I keep quiet, unsure how to feel, and take my oatmeal bowl into the kitchen.

“Also,” he says, his voice hesitant, “there’s a gathering tonight for the House of Morrígan that you were invited to.”

I set the bowl in the sink with a clang. “Are you kidding? No way.”

“You know that I don’t want you to be around Kieran, but it would be good for you to mingle with others, test your will. Marius would want you to go.”

“Which I couldn’t care less about.”

He nods, not arguing. “So, are you up for practice?”

All I want to do is sit around in my pajamas and disappear into a book, pretending there’s nothing going on with me. As if I didn’t feel like I barely know where I belong, or who I am right now.

“Sure,” I say. “Just give me a second.”

“Wear a bathing suit.”

I go into my room and shut the door. As soon as it clicks behind me, I pull the owl from my pocket. My thumb slides over the smooth surface and my head aches.

I move to the bed and slip it under my pillow. Then I go to get dressed.

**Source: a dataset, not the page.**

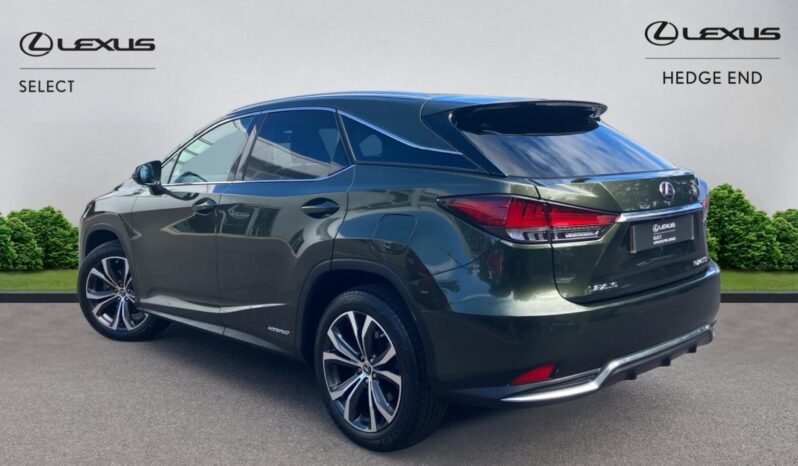 Used Lexus RX 3.5 450h V6 SUV 5dr Petrol Hybrid E-CVT 4WD Euro 6 (s/s) (313 ps) full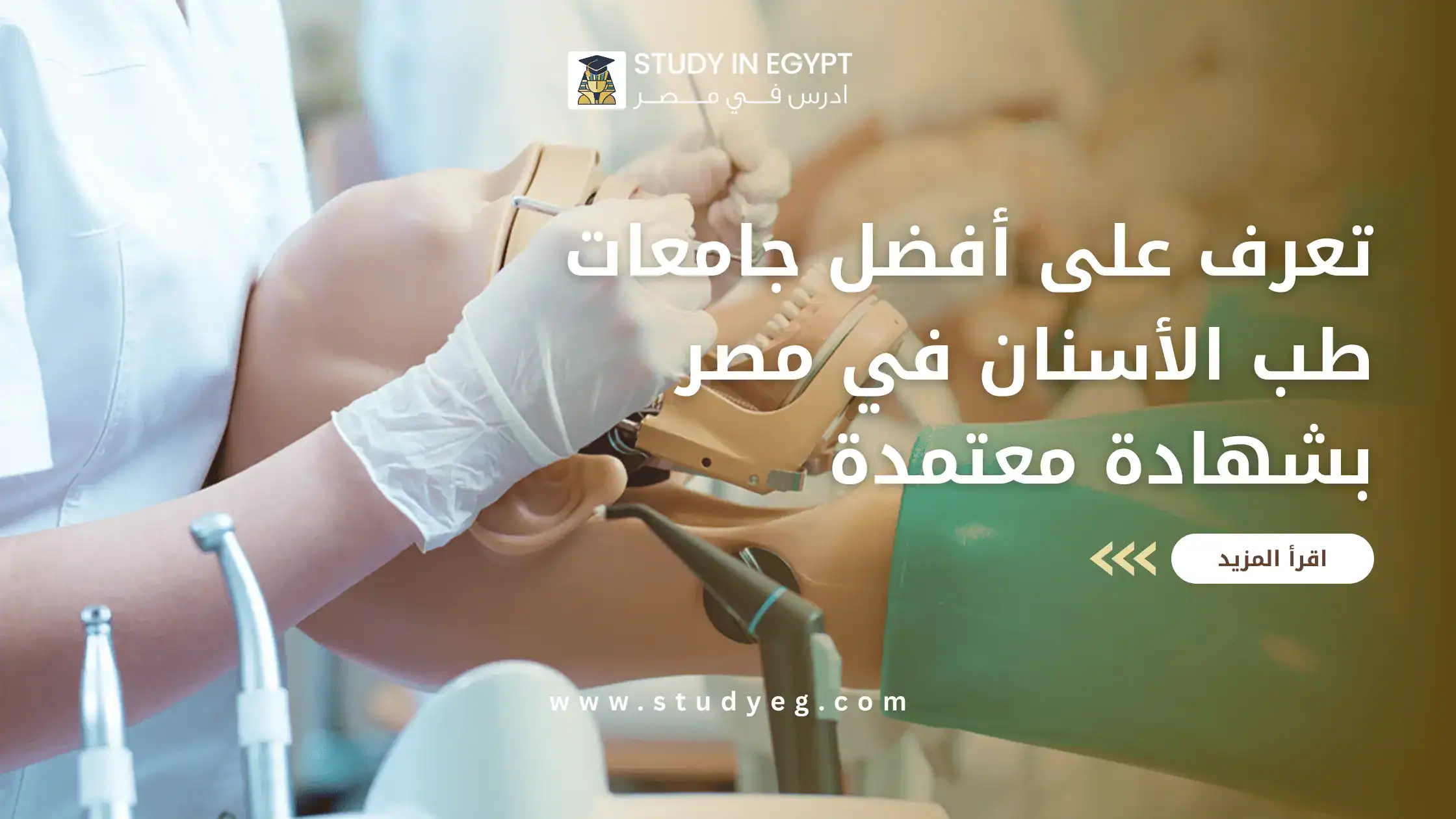 أفضل جامعات طب الأسنان في مصر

Practice, as he calls it, turns out to be more like swim training. First he makes me do a million laps. Then he has me tread water as he yells from the edge of the pool, reciting the names of the Houses and their leaders, like I don’t already know.

I realize that my knowledge has increased, and I wonder if it’s because of the dreams. I don’t say that, though. I let him talk and repeat things back to him, until he finally lets me stand in the shallow end.

“Why don’t you have to sweat?” I ask, trying to catch my breath.

“I’m the boss.” He smirks. “I tell, you do.”

“Is that right?” I walk to the edge of the pool, my hands on my hips. I notice him glance at my body, but then his eyes quickly shift to my nose. “Seems very totalitarian.”